Mais sans attendre une évolution de la législation, les entreprises commencent déjà à prendre les devants.

"Ces six derniers mois, j'ai pu observer que les sociétés ne protégeaient plus leurs dirigeants comme elles le faisaient auparavant", explique Lauren Topelsohn.

"Elles licencient beaucoup plus rapidement" un cadre mis en cause pour harcèlement ou agression sexuelle, dit-elle. "Elles ne tolèrent plus" ces pratiques et "ne veulent pas s'exposer à une mauvaise publicité et des poursuites potentielles", même si un licenciement ne les exonère pas complètement pour autant.

Un mouvement accéléré, selon elle, par une disposition enfouie dans le texte de la récente réforme fiscale adoptée en décembre par le Congrès.

L'article supprime la déduction fiscale dont bénéficiaient jusqu'ici les sommes versées dans le cadre d'accords confidentiels portant sur des faits de harcèlement ou d'agression sexuelle, côté employeur mais aussi salarié, ce qui les rend bien moins attractifs financièrement.

Restent les accords conclus hors du champ de l'entreprise, comme celui intervenu entre l'avocat de Donald Trump, Michael Cohen, et la star du porno Stormy Daniels, qui a reçu 130.000 dollars pour ne rien dire publiquement de la relation sexuelle qu'elle affirme avoir eue avec l'ancien promoteur immobilier. Une liaison que la Maison Blanche a encore formellement démenti lundi.

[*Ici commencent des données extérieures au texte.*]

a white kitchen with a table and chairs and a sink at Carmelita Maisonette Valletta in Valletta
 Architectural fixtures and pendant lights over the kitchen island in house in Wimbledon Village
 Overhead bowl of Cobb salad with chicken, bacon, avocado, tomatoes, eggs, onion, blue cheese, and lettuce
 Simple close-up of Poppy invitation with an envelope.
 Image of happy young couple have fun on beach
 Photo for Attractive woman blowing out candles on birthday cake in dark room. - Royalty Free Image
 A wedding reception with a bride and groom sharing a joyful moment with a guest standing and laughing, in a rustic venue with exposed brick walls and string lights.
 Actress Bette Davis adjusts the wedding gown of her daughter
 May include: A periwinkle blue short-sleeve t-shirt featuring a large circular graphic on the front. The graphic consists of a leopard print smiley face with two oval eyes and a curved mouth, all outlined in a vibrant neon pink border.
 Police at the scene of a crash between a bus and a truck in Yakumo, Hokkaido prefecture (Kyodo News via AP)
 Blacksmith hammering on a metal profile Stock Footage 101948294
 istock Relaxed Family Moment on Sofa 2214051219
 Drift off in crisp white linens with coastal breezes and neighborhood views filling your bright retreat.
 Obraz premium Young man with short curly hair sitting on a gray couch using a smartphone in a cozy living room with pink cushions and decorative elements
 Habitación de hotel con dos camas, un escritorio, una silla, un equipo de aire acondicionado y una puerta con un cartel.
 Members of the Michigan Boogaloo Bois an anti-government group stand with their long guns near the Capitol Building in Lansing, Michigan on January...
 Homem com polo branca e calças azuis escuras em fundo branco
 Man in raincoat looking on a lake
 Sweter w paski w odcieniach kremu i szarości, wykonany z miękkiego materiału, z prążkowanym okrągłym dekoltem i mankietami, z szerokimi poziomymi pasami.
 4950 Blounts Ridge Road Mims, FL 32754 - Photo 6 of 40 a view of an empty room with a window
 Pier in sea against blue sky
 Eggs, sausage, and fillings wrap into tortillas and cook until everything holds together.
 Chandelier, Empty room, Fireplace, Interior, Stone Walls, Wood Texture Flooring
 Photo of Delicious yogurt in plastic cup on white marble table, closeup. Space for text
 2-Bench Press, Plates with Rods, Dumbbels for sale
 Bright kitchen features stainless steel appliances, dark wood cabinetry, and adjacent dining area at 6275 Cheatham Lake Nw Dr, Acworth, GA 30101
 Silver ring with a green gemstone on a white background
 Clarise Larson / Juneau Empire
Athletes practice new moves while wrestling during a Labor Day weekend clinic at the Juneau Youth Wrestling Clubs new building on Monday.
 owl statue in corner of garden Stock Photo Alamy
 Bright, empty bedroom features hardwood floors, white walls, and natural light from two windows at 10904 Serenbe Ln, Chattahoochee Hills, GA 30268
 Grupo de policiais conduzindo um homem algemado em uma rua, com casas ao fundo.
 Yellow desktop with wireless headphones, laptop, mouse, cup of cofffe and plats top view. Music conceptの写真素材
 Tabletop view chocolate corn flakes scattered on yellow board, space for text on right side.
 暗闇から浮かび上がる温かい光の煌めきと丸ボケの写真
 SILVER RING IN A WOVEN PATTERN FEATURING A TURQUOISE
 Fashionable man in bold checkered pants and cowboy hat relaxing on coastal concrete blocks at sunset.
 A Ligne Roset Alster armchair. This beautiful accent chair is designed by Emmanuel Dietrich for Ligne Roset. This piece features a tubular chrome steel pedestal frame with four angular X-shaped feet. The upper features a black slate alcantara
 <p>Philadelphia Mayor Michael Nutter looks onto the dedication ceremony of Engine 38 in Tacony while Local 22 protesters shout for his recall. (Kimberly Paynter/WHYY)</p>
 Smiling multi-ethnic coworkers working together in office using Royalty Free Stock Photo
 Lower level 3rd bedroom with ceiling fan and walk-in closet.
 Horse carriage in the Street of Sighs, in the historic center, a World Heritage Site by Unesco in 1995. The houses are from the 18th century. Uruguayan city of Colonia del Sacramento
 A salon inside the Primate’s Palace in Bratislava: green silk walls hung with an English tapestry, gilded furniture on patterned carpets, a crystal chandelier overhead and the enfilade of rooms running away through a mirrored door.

Ceux-là sont encore plus contestés, même dans les cas où ils ne couvrent rien d'illégal, car, comme le souligne Frank Bress, professeur à la New York Law School, ils impliquent souvent un déséquilibre entre une célébrité ou une fortune d'un côté, et un anonyme de l'autre.

Pour lui, Stormy Daniels "n'a pas reçu grand chose au regard de ce qu'elle devait payer si elle rompait l'accord", soit un million de dollars par rupture de confidentialité.

De l'avis de plusieurs juristes, il est très improbable que le tribunal de Californie qu'a saisi Stormy Daniels condamne l'actrice porno à payer ces sommes, soit 20 millions de dollars au total.

De manière générale, la vague de rupture d'accords de confidentialité ces derniers mois, d'Harvey Weinstein à Donald Trump en passant par l'ancien présentateur vedette de la chaîne Fox News Bill O'Reilly ou le comédien Bill Cosby, pourrait remettre en cause leur popularité.

Sans compter, selon Lauren Topelsohn, qu'à l'avenir, "les tribunaux vont probablement regarder ces accords de plus près".